Cano also said that his decision to take Seattle’s $240 million wasn’t about the money. A wise old baseball man once said when they say it’s not about the money, you can be certain it’s about the money.
This was about the money. It was also about the deep-seated egos of Cano and Jay Z.
I’m not going to feel sorry for the Yankees that Cano wouldn’t take their money, but it would be nice if players were willing to acknowledge their greed. When Goose Gossage signed with the Yankees in 1977 and was asked why he chose the Yankees, he said, “My agent told me to.” He was never penalized for his honesty.
JOBA RULES HIS FUTURE
Robinson Cano might have found the grass greener on the other side of the country, but he didn’t need a change of scenery to improve his performance. Joba Chamberlain, on the other hand, may very well benefit from a change in scenery following his signing with the Detroit Tigers. If he hoped to improve his performance, he needed to get away from the Yankees.

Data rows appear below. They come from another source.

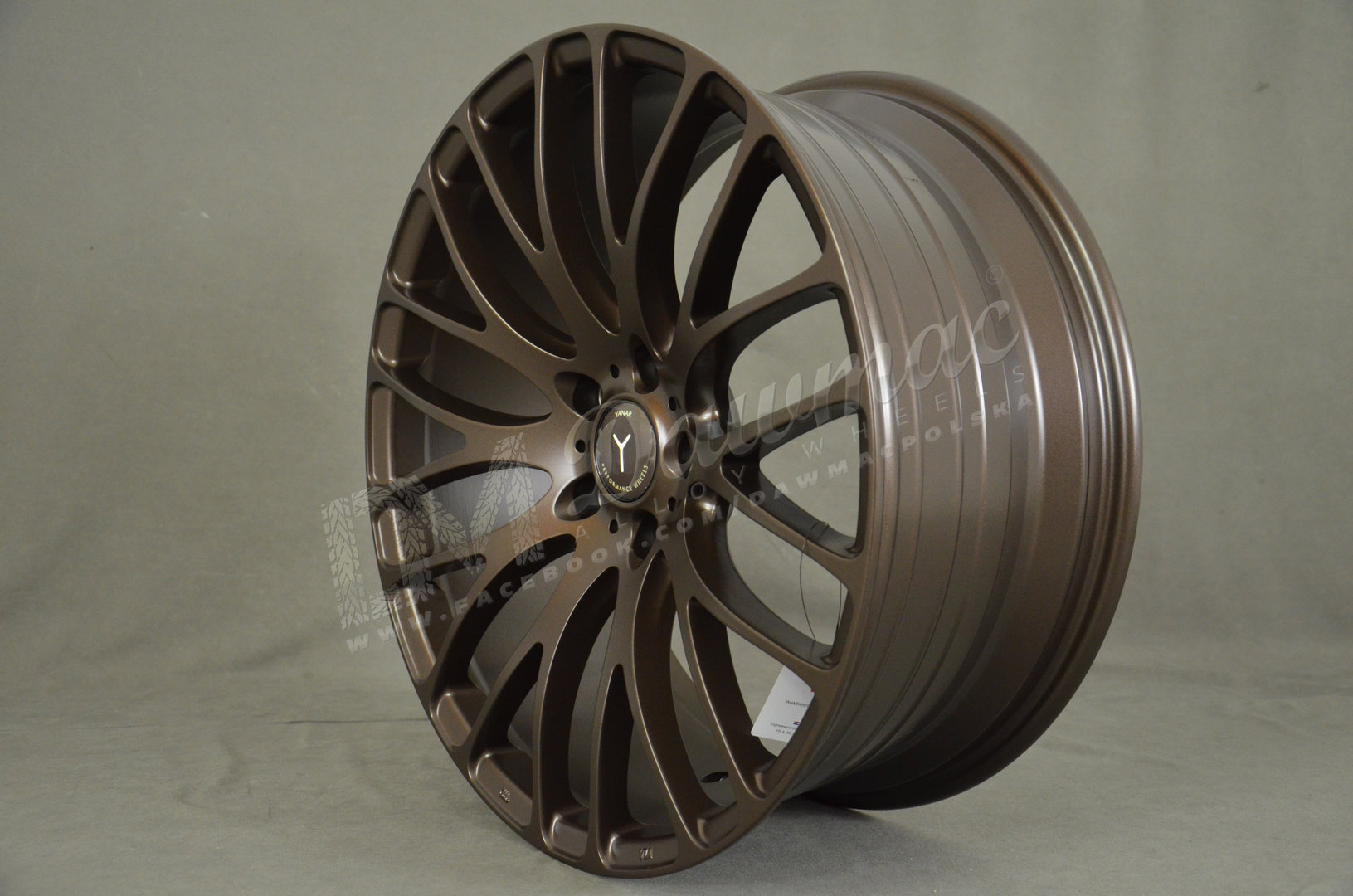 Yanar Wheels Y-NL9 20" 8,5J ET33 5x120 Matte Bronze - obrazek 3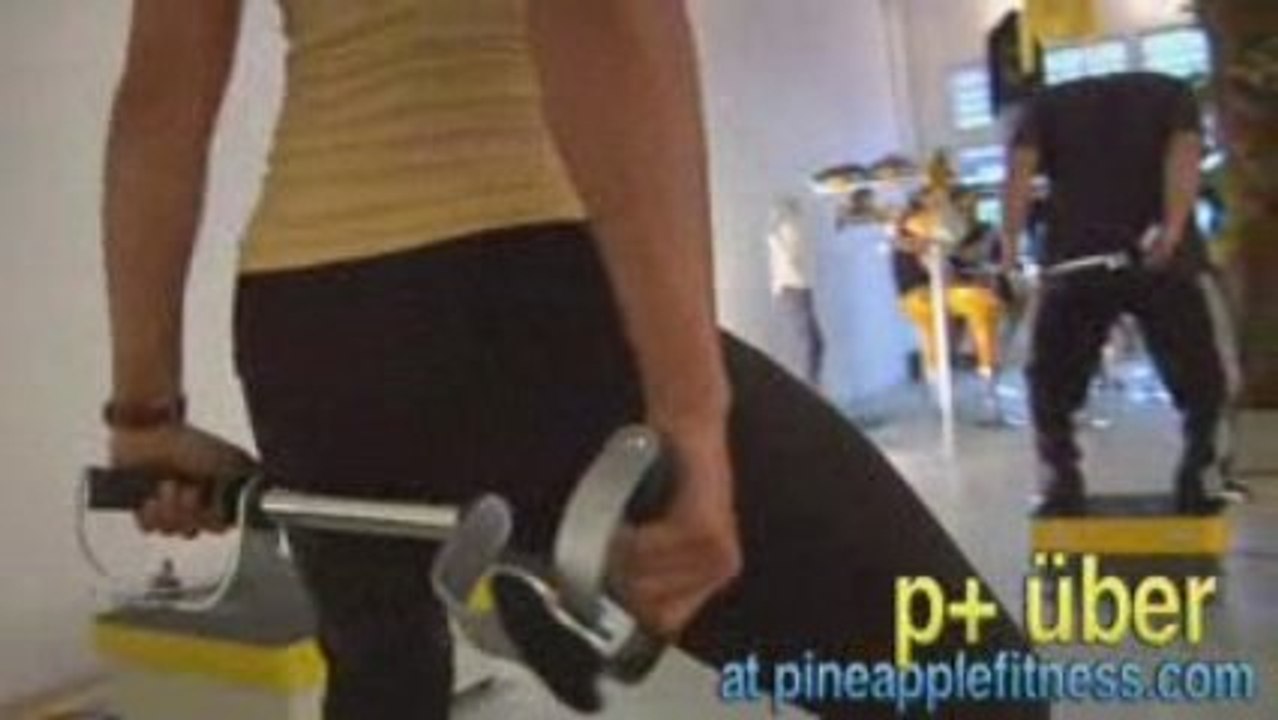 cours gym sur plateforme vibrante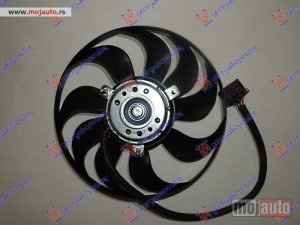 Glavna slika - VENTILATOR HLADNJAKA (MOTOR+ELISA) (290mm) (220/60w) (9 PERAJA) (3 PIN) Vw golf iv 98-04 -dostupno - MojAuto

Maybe it was a case of Yankees’ overhype, that the pitcher was never going to be as good as the Yankees touted him to be. But maybe it was a case of too much messing with his head.

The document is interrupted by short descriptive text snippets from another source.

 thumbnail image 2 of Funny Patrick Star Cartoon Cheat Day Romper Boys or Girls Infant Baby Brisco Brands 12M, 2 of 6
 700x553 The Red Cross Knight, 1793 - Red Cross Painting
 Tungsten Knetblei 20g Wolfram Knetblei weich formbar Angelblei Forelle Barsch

The Yankees couldn’t decide if Chamberlain should be a starter or a reliever so they moved him back and forth. Then there were the Joba rules, dictating how many pitches he could throw in a game, how often he could pitch. Would it be this many pitches if he had so many days off or another number of pitches if he had a different number of days off?
Maybe the Tigers will just let him pitch and let his success or his lack of it determine what he does. Maybe Jeff Jones, their good pitching coach, and Brad Ausmus, their new manager, will be able to straighten him out. Maybe they will hand him a baseball and say remember how you used to do it when you got batters out, do it that way and maybe you’ll get them out again.
At least he’s away from the Yankees and will now have a chance to pitch the way that used to work for him.